Being unfamiliar with the new game, Kingdoms of Amalur came off as cartoony and bland in terms of graphics. It was nothing really "impressive" as you would see in the ultra-realistic games such as Skyrim and such. Nothing is farther from the truth, however, as once you are put into the game you'll see that the artistic direction is meant to be light-hearted and unique.
The gameplay however, is the most redeeming feature yet. Boasting a God of War-esque style gameplay, it really lets the player feel the twitch-based combat. A myraid of flashy skills leaves the player feeling satisfied instead of the same old "swing, swing, swing, kill" pattern. There are also three talent trees, each which have their own variance of skills and moves.
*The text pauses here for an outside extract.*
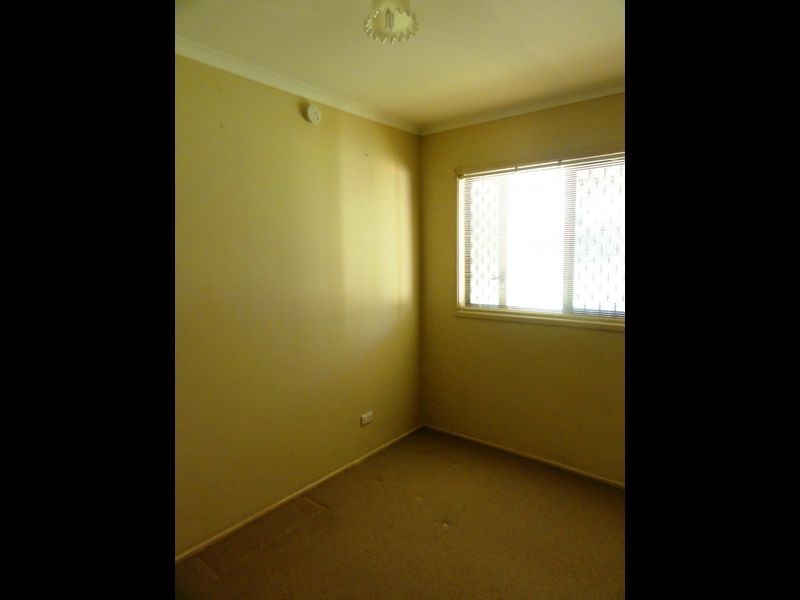 55 Ariel Ave, Kingston QLD 4114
There are also mini games which the player can do, such as unlocking and dispelling chests. These are undoubtedly fun mini-games for the first couple times, but starts to old - fast. However, this does not subtract from the overall gameplay and realistically, during a instance, you would encounter no more than 10 chests (most are without locks/spells).
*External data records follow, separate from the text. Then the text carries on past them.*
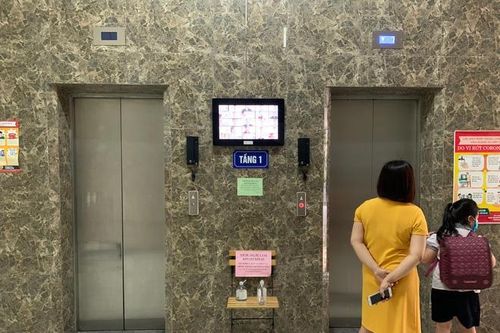Chung cư 12 tầng dùng chung 1 thang máy hết hạn kiểm định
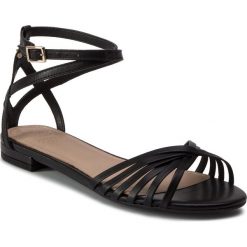 Sandały GUESS - Ramzie FL6RZE LEA03 BLACK. Czarne klapki damskie Guess, z aplikacjami, ze skóry ekologicznej, bez obcasa, na obcasie. W wyprzedaży za 399,00 zł.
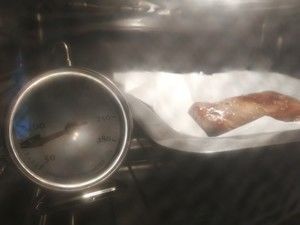 【巧思】完美熟度低溫慢烤牛排（附醬汁做法）的做法步驟 第5步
Another great part of Amalur is "perks". Reaching a certain level within a talent tree will get you a card. These cards act as stat bonuses and largely helps you in the selected role you are playing. As mentioned before, there are 3 talent trees: Sorcery, Might and Finesse. However, you can mix and match all three of these (not possible to get all of them maxed but you can still put points in all three) and there will be a different card for each mix-match pair. This leads to a wide variety of play and flexibility for the player. If the player wishes to be a stealthy mage, he would achieve the "Shadowcaster" card after going down that talent tree.
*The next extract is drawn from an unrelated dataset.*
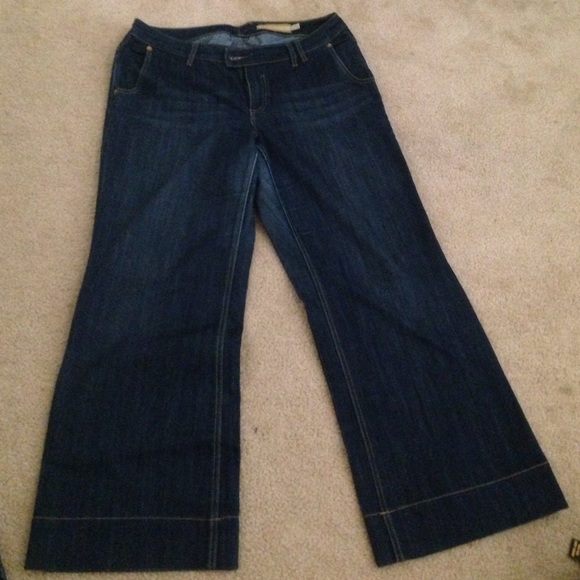 Wide-Leg Trouser Jeans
The storyline is nothing special, which is a shame, considering the fun combat system involved. As much as I would love to praise the story, it's just not that memorable (in my opinion). Hero rises, hero fights, hero kills the last boss. But, Kingdoms of Amalur does not disappoint as they litter dozens of side quests that flesh out the main storyline and introduce the lore of Amalur, including bigger Faction quests you could do (each taking about a good 3-5 hours worth).
Overall, I would give this a solid 8.5, with a very solid and entertaining combat system, flashy skills, multi-classing system and fleshed out character stories. The only thing that is keeping this from a solid 10/10 is the unmemorable main storyline which just does not appeal to me. This is very subjective to each person however, and you may enjoy the storyline much more than I did.